William Westfield (BILLW@MATHOM.CISCO.COM)
Fri 13 May 88 13:16:09-PDT
Well, I might as well throw some more ideas into the fire. At cisco
(where we make routers), we also believe that hosts should know nothing
about routing protocols. This becomes much more obvious when your router
is running 4 different routing protocols simultaneously, and translating
metrics from one to another is both difficult and dangerous.
Of course, it ought to be possible to use any of the gateways you've
learned about via redirects as new default gateways, but this is probably
not easy to add to existing code. However, John Romkey said:
If some new protocols were cooked up to allow hosts to query routers
for some useful information WITHOUT the hosts understanding how the
routers worked, that would be okay as far as I'm concerned.
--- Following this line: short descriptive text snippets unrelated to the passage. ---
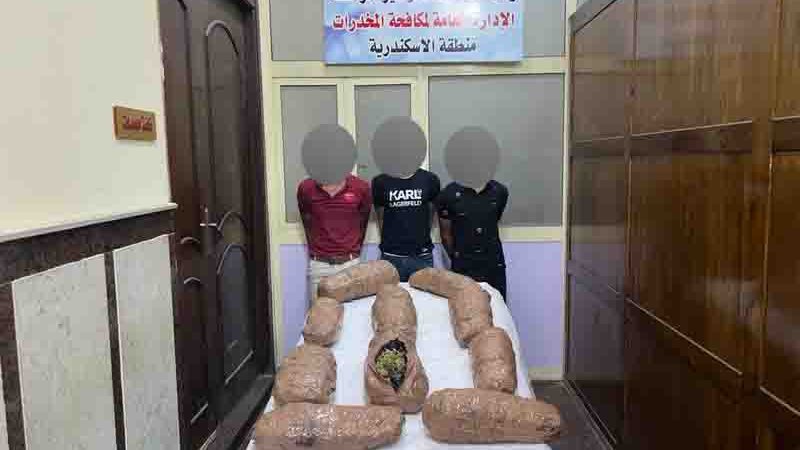 مخدرات _ المضبوطات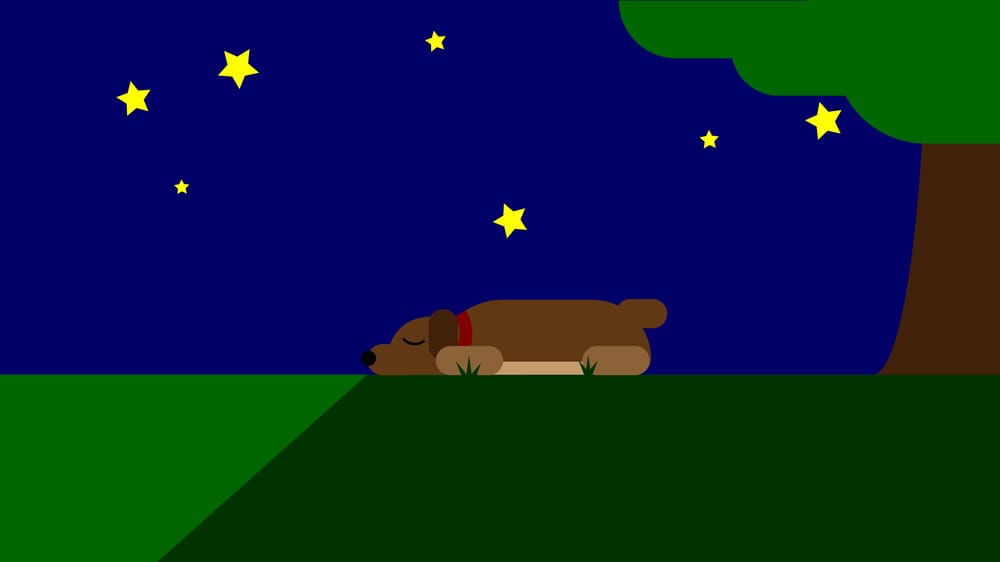 My Illustrator Projects - image 1 - student project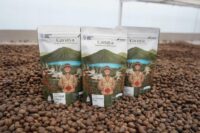 Pertamina Optimalkan Panas Bumi Kamojang, Kopi Lokal Tembus Pasar Asia dan Eropa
We believe that such a protocol already exists which provides this
function, and is implemented by nearly all tcp/ip vendors. It is called
ARP. A router can respond to ARP requests that it recognizes as being for
hosts not connected to the local cable if it knows a route to that network.
This technique is being called "Proxy ARP", and is frequently used to make
subnetting transparent to hosts. It works equally well to make any network
topology transparent to hosts. Redundancy is handled automatically if you
convince TCP and other high level protocols to flush ARP entries when they
are about to time out.
Of course, this only works with hosts on networks where ARP is used for
address resolution (broadcasts are possible). But if a host has only a
point-to-point link to the network, it might as well use whatever gateway
is at the other end of that link as its default gateway. This leaves only
networks like X.25 and the ARPANet (non-broadcast, but not really point-to-
point either), and it might not be such a bad idea to have those hosts know
about routing, at least to the extent of having multiple default gateways.